Oh, thank you! That's really sweet of yours. :'>


----------



## Infrarednexus (Nov 16, 2019)

Another old drawing of mine. I drew this one back in 2013 so it's been a while. It's a rogue cyborg wolf admiring the cityscape as the sun goes down.


----------



## JesterKatz (Nov 16, 2019)

WimexSeven said:


> Nice! Your witch Mangle looks amazing! I love the expression she is giving! The green magic effect it super nice too!! Fantastic job!



Aww you, thank you.  (๑•́ ω •̀๑)


----------



## WimexSeven (Nov 17, 2019)

SOM_TOCHKA_COM said:


> OH MY! I thought it was the scan! WOW! Just WOW! But I'm still recruiting new members into my traditional-art-church. > If you would like to participate I'm gonna be happy!
> 
> Oh, thank you! That's really sweet of yours. :'>


Yeah!! I feel more creative with my mechanical pencil so I recreated it. Works like a charm!
On that note though, despite being a digital artist I will always love traditional art. It's how I first started art and was one for years and years. It's a shame that people think they need to go digital to be considered 'professional' though. 
The last thing I done traditional though was this on an A2 artbook!


Spoiler


----------



## WimexSeven (Nov 17, 2019)

Infrarednexus said:


> Another old drawing of mine. I drew this one back in 2013 so it's been a while. It's a rogue cyborg wolf admiring the cityscape as the sun goes down.

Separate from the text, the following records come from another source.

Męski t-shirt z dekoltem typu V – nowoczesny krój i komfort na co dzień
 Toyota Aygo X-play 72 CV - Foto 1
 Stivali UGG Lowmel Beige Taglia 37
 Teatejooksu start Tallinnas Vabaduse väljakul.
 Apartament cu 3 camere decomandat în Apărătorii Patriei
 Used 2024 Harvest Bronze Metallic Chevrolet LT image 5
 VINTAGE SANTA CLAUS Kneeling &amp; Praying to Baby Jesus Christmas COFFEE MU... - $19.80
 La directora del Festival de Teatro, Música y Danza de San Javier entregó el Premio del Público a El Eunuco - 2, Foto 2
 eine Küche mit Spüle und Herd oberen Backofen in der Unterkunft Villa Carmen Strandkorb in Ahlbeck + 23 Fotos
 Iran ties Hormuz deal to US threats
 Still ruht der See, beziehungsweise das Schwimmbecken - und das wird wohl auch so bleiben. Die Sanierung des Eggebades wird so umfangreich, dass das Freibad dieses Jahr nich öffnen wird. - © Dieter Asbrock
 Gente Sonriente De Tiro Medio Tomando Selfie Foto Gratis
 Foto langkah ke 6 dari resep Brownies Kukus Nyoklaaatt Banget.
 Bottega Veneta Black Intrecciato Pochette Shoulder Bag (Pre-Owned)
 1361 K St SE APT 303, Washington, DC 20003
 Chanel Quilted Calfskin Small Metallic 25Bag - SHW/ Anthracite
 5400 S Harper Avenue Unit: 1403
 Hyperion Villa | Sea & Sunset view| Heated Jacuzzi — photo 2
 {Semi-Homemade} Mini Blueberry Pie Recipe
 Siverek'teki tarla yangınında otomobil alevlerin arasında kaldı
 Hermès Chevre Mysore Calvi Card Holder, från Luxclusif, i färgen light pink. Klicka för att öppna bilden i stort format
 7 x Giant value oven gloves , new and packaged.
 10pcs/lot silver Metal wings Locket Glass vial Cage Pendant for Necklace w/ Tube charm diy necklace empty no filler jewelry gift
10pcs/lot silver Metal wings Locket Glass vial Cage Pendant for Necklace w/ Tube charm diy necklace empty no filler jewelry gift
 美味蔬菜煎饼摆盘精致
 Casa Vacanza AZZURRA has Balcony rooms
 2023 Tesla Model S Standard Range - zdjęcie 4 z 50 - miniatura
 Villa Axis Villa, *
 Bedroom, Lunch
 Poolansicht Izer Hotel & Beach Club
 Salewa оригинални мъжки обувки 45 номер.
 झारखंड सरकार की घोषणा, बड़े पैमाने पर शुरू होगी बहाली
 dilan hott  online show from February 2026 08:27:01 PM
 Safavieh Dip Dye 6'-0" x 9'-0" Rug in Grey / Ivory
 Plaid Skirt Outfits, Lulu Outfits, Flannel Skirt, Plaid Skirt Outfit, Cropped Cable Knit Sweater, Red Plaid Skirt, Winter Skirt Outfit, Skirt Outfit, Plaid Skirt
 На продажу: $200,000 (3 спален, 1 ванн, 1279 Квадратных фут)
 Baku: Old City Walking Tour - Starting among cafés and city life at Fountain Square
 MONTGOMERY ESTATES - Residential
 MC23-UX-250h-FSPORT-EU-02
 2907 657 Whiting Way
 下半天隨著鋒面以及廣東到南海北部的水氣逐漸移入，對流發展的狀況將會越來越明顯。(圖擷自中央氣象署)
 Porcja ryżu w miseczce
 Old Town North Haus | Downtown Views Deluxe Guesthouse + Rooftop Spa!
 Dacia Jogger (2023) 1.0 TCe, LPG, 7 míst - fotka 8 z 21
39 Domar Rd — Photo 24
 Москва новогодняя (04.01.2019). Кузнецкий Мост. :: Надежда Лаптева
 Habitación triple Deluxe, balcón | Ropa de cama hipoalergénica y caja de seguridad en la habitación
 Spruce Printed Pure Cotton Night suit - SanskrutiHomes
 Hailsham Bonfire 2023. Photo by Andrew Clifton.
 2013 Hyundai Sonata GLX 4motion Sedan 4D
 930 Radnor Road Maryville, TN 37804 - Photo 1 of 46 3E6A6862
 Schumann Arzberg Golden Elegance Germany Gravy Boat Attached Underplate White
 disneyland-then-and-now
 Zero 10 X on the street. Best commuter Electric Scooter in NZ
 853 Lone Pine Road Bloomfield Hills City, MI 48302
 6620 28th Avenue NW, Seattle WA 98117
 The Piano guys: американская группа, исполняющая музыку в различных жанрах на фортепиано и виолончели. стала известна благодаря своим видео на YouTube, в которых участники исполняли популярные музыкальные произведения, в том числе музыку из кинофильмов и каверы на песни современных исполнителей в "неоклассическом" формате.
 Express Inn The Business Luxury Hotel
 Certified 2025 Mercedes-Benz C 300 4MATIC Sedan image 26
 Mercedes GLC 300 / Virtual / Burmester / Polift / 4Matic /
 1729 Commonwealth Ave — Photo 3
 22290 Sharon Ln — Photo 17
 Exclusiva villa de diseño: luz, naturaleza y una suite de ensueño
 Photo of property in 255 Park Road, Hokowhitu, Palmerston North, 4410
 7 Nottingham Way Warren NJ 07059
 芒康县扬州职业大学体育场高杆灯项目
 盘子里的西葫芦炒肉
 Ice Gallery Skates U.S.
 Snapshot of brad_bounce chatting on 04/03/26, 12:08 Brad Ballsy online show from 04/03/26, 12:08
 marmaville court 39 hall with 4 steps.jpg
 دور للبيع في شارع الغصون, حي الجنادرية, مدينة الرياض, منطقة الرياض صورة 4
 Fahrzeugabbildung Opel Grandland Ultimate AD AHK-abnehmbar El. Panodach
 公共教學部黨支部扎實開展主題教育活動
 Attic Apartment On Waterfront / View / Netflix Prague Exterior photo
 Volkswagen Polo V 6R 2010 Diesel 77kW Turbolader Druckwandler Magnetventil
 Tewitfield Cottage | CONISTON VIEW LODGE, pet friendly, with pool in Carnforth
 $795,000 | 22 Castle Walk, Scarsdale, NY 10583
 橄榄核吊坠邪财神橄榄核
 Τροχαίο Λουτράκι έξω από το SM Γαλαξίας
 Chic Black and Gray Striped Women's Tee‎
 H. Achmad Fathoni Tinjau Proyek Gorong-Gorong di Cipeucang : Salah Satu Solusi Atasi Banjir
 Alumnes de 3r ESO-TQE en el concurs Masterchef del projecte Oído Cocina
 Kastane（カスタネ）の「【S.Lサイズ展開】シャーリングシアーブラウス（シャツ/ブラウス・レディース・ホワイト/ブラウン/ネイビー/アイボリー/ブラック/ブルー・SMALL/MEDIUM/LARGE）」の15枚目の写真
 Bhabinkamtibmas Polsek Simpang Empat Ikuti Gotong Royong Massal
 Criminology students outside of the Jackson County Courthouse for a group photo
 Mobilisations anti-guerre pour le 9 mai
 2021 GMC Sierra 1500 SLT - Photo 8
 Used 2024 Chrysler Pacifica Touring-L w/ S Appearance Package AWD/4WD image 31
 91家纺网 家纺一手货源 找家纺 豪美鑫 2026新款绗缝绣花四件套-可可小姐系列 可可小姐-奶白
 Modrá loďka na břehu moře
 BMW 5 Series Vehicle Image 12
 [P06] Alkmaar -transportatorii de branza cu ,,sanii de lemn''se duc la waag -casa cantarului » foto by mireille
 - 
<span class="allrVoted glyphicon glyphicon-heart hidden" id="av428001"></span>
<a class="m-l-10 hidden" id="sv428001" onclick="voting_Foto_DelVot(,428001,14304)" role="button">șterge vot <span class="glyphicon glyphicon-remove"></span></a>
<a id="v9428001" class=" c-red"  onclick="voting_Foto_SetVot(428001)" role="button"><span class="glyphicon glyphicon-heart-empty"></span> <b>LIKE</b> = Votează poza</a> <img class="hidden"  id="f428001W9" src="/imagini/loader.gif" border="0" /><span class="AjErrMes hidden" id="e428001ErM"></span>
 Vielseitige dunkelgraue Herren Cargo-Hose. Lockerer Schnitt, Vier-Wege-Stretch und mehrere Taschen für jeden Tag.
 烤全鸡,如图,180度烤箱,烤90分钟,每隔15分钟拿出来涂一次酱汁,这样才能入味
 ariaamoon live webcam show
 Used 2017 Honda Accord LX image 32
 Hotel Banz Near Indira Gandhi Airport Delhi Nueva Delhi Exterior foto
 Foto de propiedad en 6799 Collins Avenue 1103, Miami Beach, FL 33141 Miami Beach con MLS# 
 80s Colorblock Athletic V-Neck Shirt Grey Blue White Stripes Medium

Whoa, I love the contrast of the red and black background compared to the blue of character! Helps the character stand out. While it was a while back, it still is rather amazing! Do you still draw, or create?


----------



## SOM_TOCHKA_COM (Nov 17, 2019)

WimexSeven said:


> Yeah!! I feel more creative with my mechanical pencil so I recreated it. Works like a charm!
> On that note though, despite being a digital artist I will always love traditional art. It's how I first started art and was one for years and years. It's a shame that people think they need to go digital to be considered 'professional' though.
> The last thing I done traditional though was this on an A2 artbook!
> 
> ...


WOW! I really like what you do with pencil! That looks really nice and I'm always up for anyone who're brave enough to use A-2 format. I mostly work on A-5.


----------



## Infrarednexus (Nov 17, 2019)

WimexSeven said:


> Whoa, I love the contrast of the red and black background compared to the blue of character! Helps the character stand out. While it was a while back, it still is rather amazing! Do you still draw, or create?


I don't have a tablet any more but I still do image editing on my laptop.


----------



## narutogod123 (Nov 20, 2019)

I like your art!

I drew Beastars fanart






Also this


----------



## Synistar (Nov 25, 2019)

I made these two a little while ago. my mate and her sister asked for some art and so i thought id share them here


----------



## Vinfang (Dec 6, 2019)

narutogod123 said:


> I like your art!
> 
> I drew Beastars fanart
> 
> ...



legoshi OwO


----------



## Vinfang (Dec 6, 2019)

Wip...


----------